This happened a few weeks ago. I drove someone west, out of Lancaster, picked up my next customer and drove them a little further west, and ended with a call north of that, somewhere along the Susquehanna River. By then, I had no idea where I was. I pulled into a train station that looked deserted. I circled the parking lot once before spotting a man sitting alone on a bench. A misty rain had begun to fall. It was cold, and after midnight. The place was empty. It all felt rather strange.

He crawled into the car, swearing quietly under his breath about the weather. His destination was thirty minutes away, which was good and bad. Good, because that’s a nice fare. Bad, because, well, it was after midnight, his destination was in the opposite direction from my house, and I’d have about an hour drive home after I dropped him off. But there we went, driving north, into the cold and the rain that fell harder, and the darkness.

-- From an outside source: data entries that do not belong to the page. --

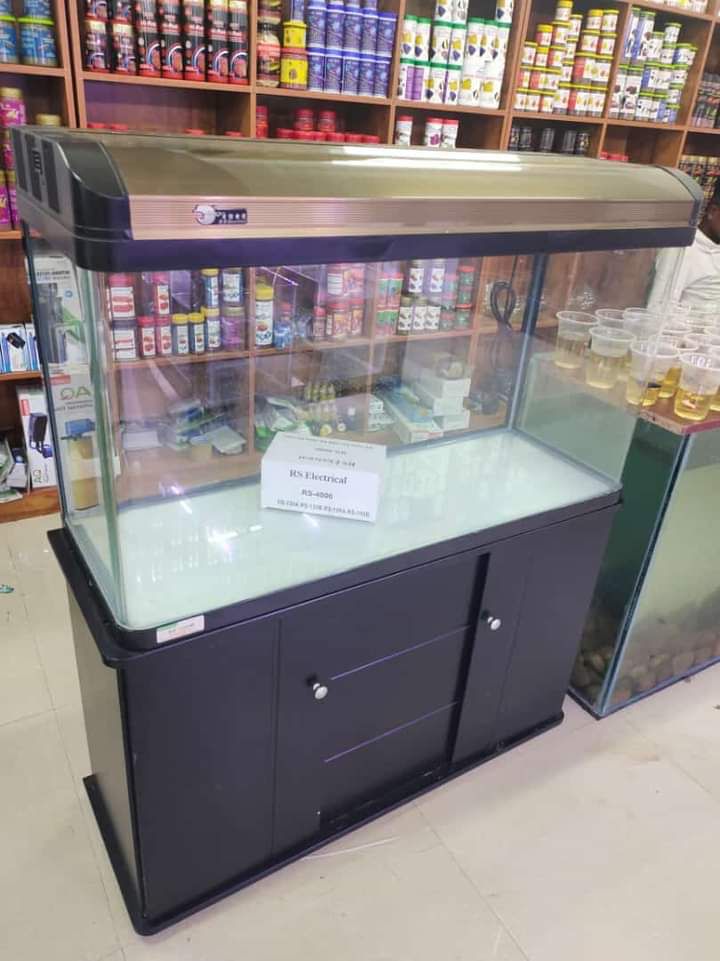 Glass Display Aquarium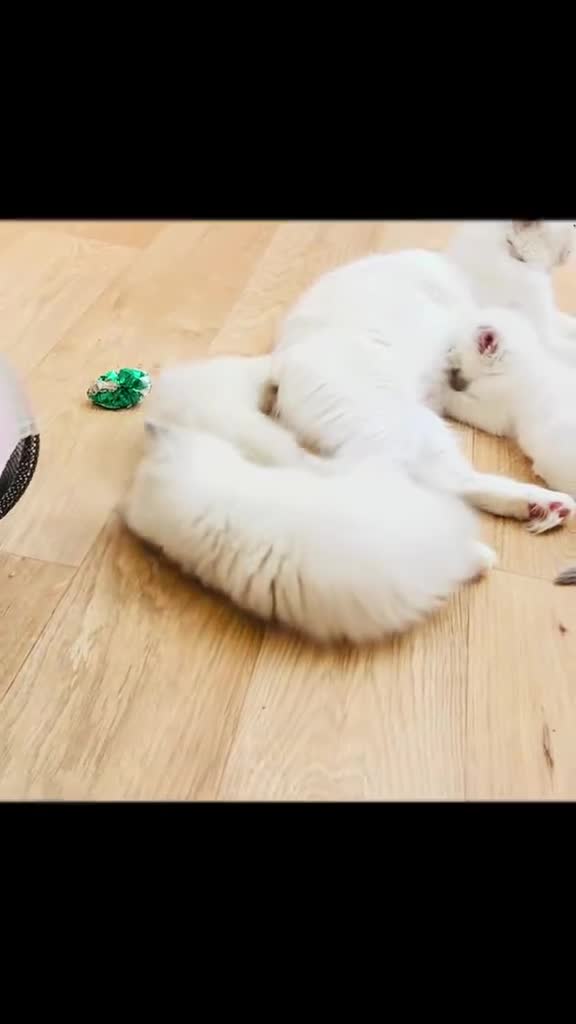 Ragdoll cats for sale: GCCF BEAUTIFUL RAGDOLL KITTENS  - Video 1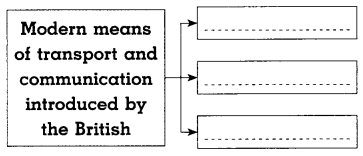 Maharashtra-Board-Class-8-History-Solutions-Chapter-3-Effects-of-British-Rule-10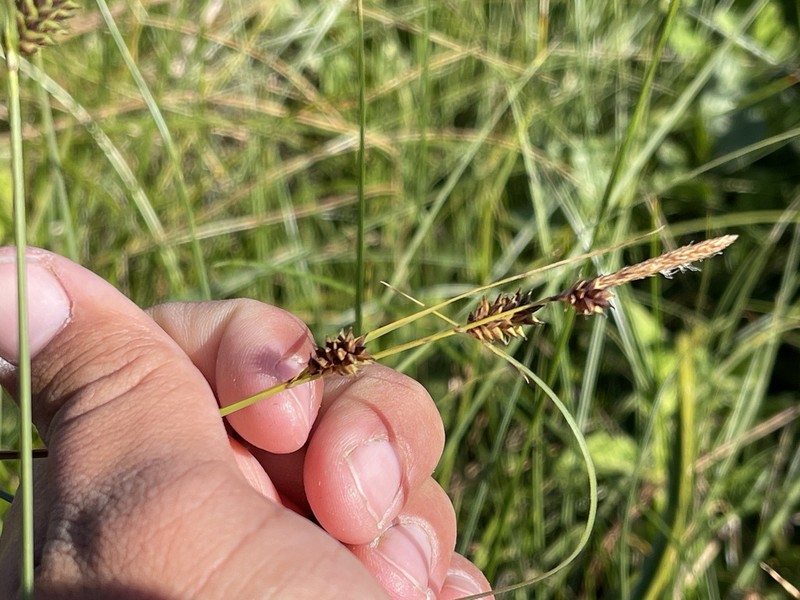 Twotooth Sedge photo 6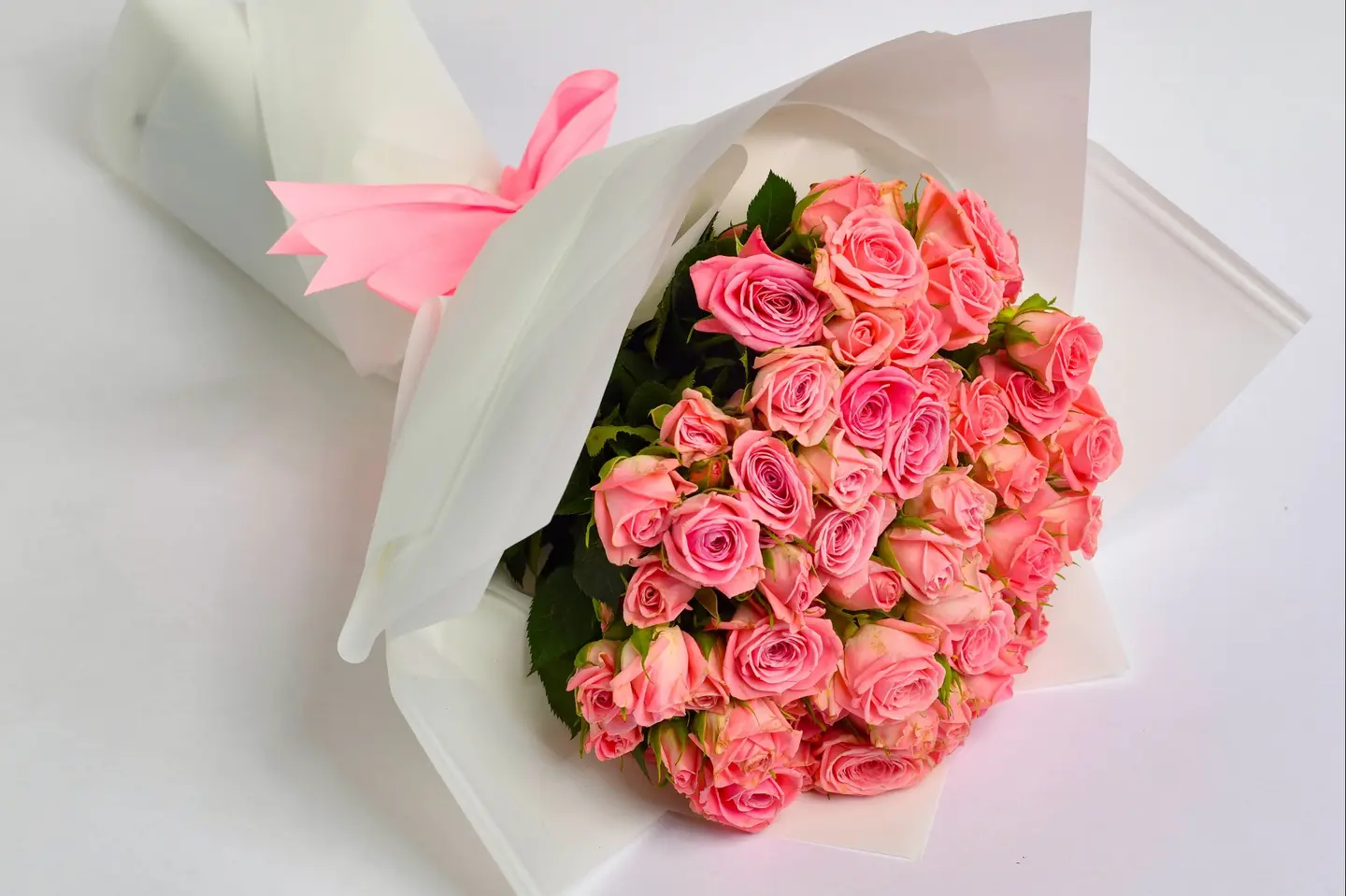 وردة و شتلة ٠٠٠٠٩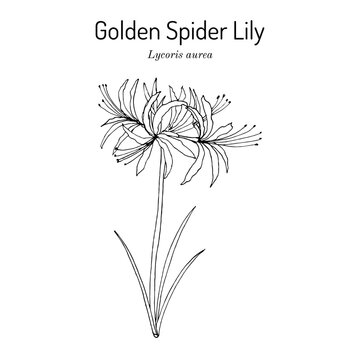 Golden Spider Lily (Lycoris aurea), ornamental and medicinal plant.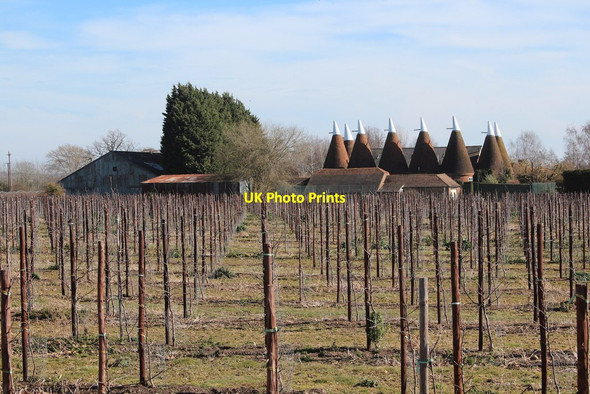Photo 6"x4" Crowhurst Oast, Bells Farm Road, East Peckham Goose Green\/TQ6450 c2015 P1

He was very eccentric. He told me about the five children he had with three different ladies, repeating that fact over and over again, then marveled at the fact that I have six children who share the same mother. He explained his job to me, how part of it was traveling home on his own dime from faraway destinations, how he used to drive a taxi in a previous life. Then he asked me a question that caused an eerie feeling to settle into my stomach.

“Did you ever see the movie Taxi Driver with Robert De Niro?” he asked at one point.

“No,” I said. “Can’t say I have.”

“It’s about a crazy taxi driver who ends up killing everyone,” he said, chuckling to himself, leaning up in between the front seats to tell me more. I was suddenly very aware of the man’s hot breath, the sound of phlegm in his throat.

There I was, in the middle of absolute nowhere, driving someone who seemed a little off kilter and was suddenly asking me if I saw the movie of the crazy taxi driver who killed people, oh and by the way he used to be a taxi driver.

I dropped him off at his truck which was parked on a side street in the middle of nowhere. The rain let up for a moment. He smiled and got out.